Path: news.mathworks.com!not-for-mail
From: "John D'Errico" <woodchips@rochester.rr.com>
Newsgroups: comp.soft-sys.matlab
Subject: Re: linear regression - inconsistent results
Date: Thu, 6 Nov 2008 23:12:02 +0000 (UTC)
Organization: John D'Errico (1-3LEW5R)
Lines: 51
Message-ID: <gevtk2$t2n$1@fred.mathworks.com>
References: <gevnh1$bnn$1@fred.mathworks.com>
Reply-To: "John D'Errico" <woodchips@rochester.rr.com>
NNTP-Posting-Host: webapp-03-blr.mathworks.com
Content-Type: text/plain; charset="ISO-8859-1"
Content-Transfer-Encoding: 8bit
X-Trace: fred.mathworks.com 1226013122 29783 172.30.248.38 (6 Nov 2008 23:12:02 GMT)
X-Complaints-To: news@mathworks.com
NNTP-Posting-Date: Thu, 6 Nov 2008 23:12:02 +0000 (UTC)
X-Newsreader: MATLAB Central Newsreader 869215
Xref: news.mathworks.com comp.soft-sys.matlab:499408


"Russ Scott" <robinandruss@gmail.com> wrote in message <gevnh1$bnn$1@fred.mathworks.com>...
> I've been noticing when using regress or polyfit that I'm getting inconsistent result when I switch the 1 independent variable with the dependent variable. Mathematically this does not make sense to me.
> 
> If y = mx + b
> 
> then 
> 
> x = y/m - b/m
> 
> But I've found for certain datasets that when I flip the y and x around using either regress (and adding a column of ones to X) or polyfit(x,y,1) I get non-consistent results.
> 

(snip)

> THESE ARE INCONSISTENT RESULTS AREN'T THEY?

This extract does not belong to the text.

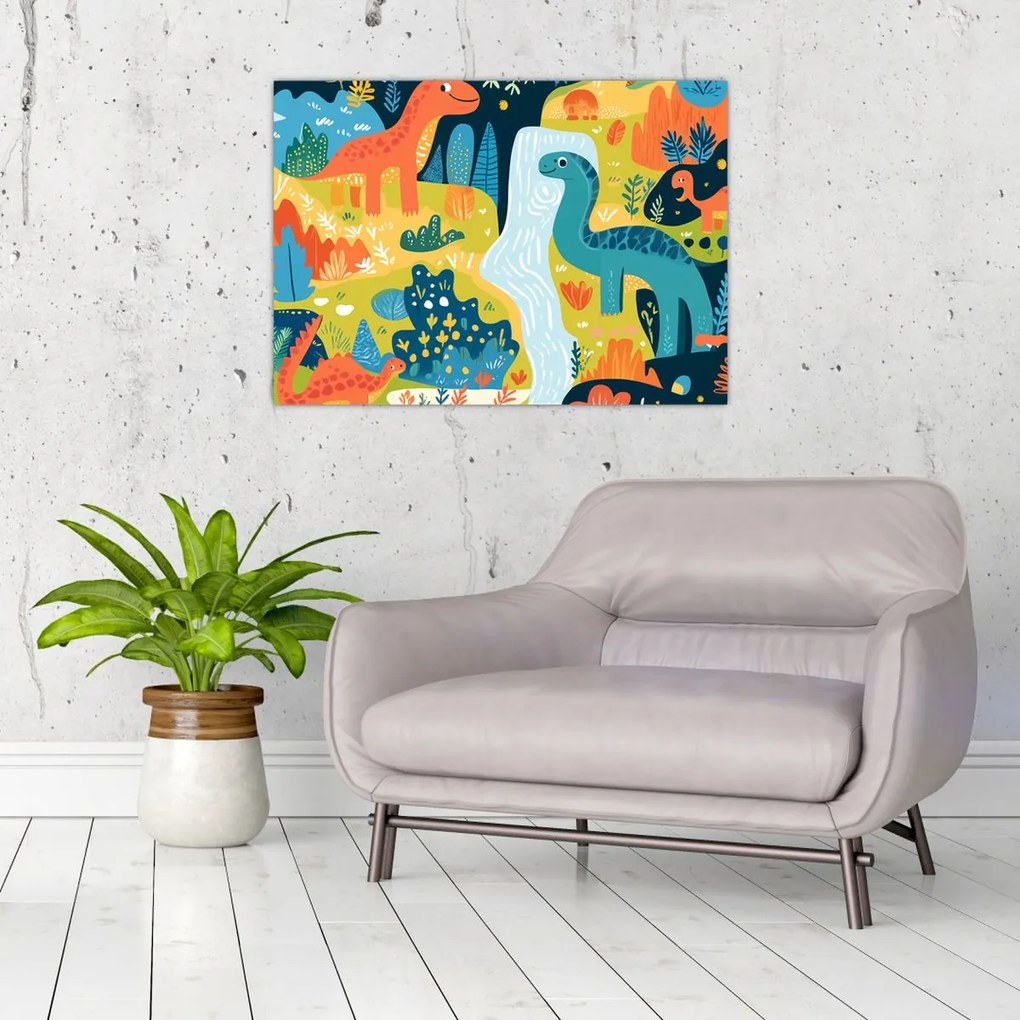 Kép - Vidám dinoszauruszok (70x50 cm)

NO! Sorry, but they are not. I'll just expand on
the other comments by a bit. What model do
you assume when you fit a linear regression
model? Do you know? If not, then you should
expend the effort to learn, because this is the
cause of your confusion.

You may think that you are fitting the model

  y = a*x + b

but, you are not. That model is actually missing
a term. In fact, your true model is of the form

  y = a*x + b + E_i

where E_i is assumed to be normally (Gaussian)
distributed error. Thus for each data point,
we assume additive, zero mean errors, but
with an unknown variance. Those errors are
added to the value of y.

What happens when you swap the x and y
in your regression? In effect, the model is
suddenly in a different form.

  x = c*y + d + F_i

Here, the errors are assumed to be in the
x variable. This difference is the source
of your problem. The model is truly
different, so those regression parameters
will certainly be different too.

John